In view of the foregoing detailed description of preferred embodiments of the present invention, it readily will be understood by those persons skilled in the art that the present invention is susceptible to broad utility and application. While various aspects have been described in the context of screen shots, additional aspects, features, and methodologies of the present invention will be readily discernable therefrom. Many embodiments and adaptations of the present invention other than those herein described, as well as many variations, modifications, and equivalent arrangements and methodologies, will be apparent from or reasonably suggested by the present invention and the foregoing description thereof, without departing from the substance or scope of the present invention. Furthermore, any sequence(s) and/or temporal order of steps of various processes described and claimed herein are those considered to be the best mode contemplated for carrying out the present invention. It should also be understood that, although steps of various processes may be shown and described as being in a preferred sequence or temporal order, the steps of any such processes are not limited to being carried out in any particular sequence or order, absent a specific indication of such to achieve a particular intended result. In most cases, the steps of such processes may be carried out in various different sequences and orders, while still falling within the scope of the present inventions. In addition, some steps may be carried out simultaneously. Accordingly, while the present invention has been described herein in detail in relation to preferred embodiments, it is to be understood that this disclosure is only illustrative and exemplary of the present invention and is made merely for purposes of providing a full and enabling disclosure of the invention. The foregoing disclosure is not intended nor is to be construed to limit the present invention or otherwise to exclude any such other embodiments, adaptations, variations, modifications and equivalent arrangements, the present invention being limited only by the claims appended hereto and the equivalents thereof.

Claims (35)

We claim:

1. A computerized system for enabling a user to compose a song, comprising:

at least one processor,

a memory storage,

a video display,

a user input,

a keyboard,

an audio output, wherein the video display, the keyboard, the user input, and the audio output are each in electronic communication with the at least one processor, and

a non-transitory computer-readable medium that is usable by the at least one processor and is operatively coupled to the memory storage, the computer-readable medium having stored thereon a sequence of instructions that when executed by the at least one processor causes the execution of the steps of:

displaying a compose song screen to the user on the video display, the compose song screen having a progress bar displaying a timeline ranging between a start time and an end time of the song, the progress bar including a thumb that is scrollable along the timeline and that, based on its relative position along the timeline, identifies the current time position of the song between the start time and the end time, the compose song screen further having a play bar associated with the current time position of the song;

through use of the user input and the keyboard, enabling the user to interact with the video display in order to name a first track of the song and to select an instrument to be associated with said first track;

assigning notes of the selected instrument to respective keys on the keyboard;

through use of the user input and the keyboard, enabling the user to interact with the video display in order to select a tempo for the song, the tempo identifying a number of beats per minute and a number of beats per measure for the song, wherein each measure of the song is illustrated graphically on the compose song screen and positioned relative to the play bar; and

upon initiating recording of the first track: (i) causing each graphically-illustrated measure of the song to scroll sequentially toward and across the play bar at a speed determined by the tempo of the song; (ii) receiving notes from the user based on one or more keys pressed by the user on the keyboard, each of said notes being associated with the current time position of the song based on when the key associated with each respective note is pressed and having a duration based on how long the key associated with each respective note is held in the pressed position; and (iii) wherein, in response to each key pressed by the user:

(A) a graphical representation of the note assigned to each respective key is generated and initially displayed within the measure currently scrolling across the play bar on the compose song screen and wherein the length of the graphical representation of the respective note corresponds to the duration of the respective note; and

(B) an audio representation of the note assigned to each respective key is generated and played by the audio output for the duration, the sound of the note corresponding to the selected instrument.

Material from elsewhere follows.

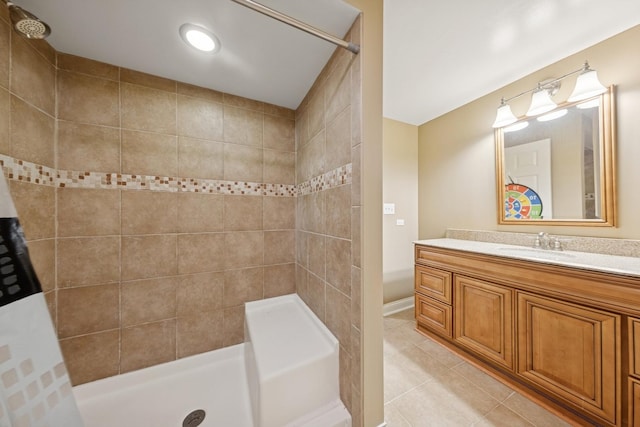 bathroom featuring tiled shower, tile patterned flooring, and vanity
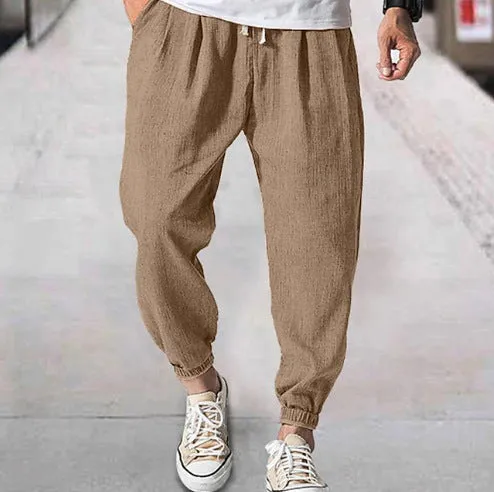 Man wearing loose light-coloured cotton trousers with elasticated ankle cuffs, showing front and side views.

2. The computerized system of claim 1, wherein the user interacts with the video display using the user input to initiate and stop the recording of the first track.

3. The computerized system of claim 2, wherein the stopping of the recording defines the end time of the song.

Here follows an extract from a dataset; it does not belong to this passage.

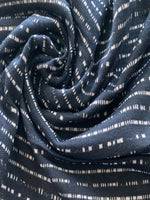 Dashed Stripe on Dark Navy Knit. Stripes Run Across the Fabric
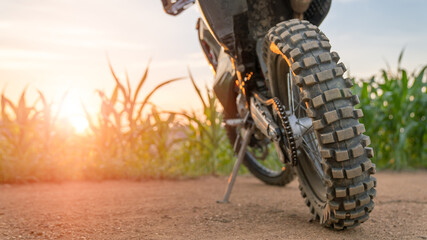 Part of a dirt bike on a dirt road in a cornfield with warm light.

4. The computerized system of claim 2, wherein the stopping of the recording defines a time prior to the end time of the song.

5. The computerized system of claim 2, wherein after stopping of the recording, the sequence of instructions further causes the execution of the step of saving the recording of the first track.

6. The computerized system of claim 2, wherein after stopping of the recording, the sequence of instructions further causes the execution of the step of replaying the recording of the first track.

7. The computerized system of claim 1, wherein, during recording of the first track, the sequence of instructions further causes the execution of the step of generating a beat that is played through the audio output and that corresponds to the tempo of the song.

8. The computerized system of claim 1, wherein the user is able to change the current time position of the song by moving the scrollable thumb using the user input to a desired position along the timeline.

9. The computerized system of claim 1, wherein the graphical representation of the note assigned to each respective key includes a graphic symbol that corresponds with the respective key.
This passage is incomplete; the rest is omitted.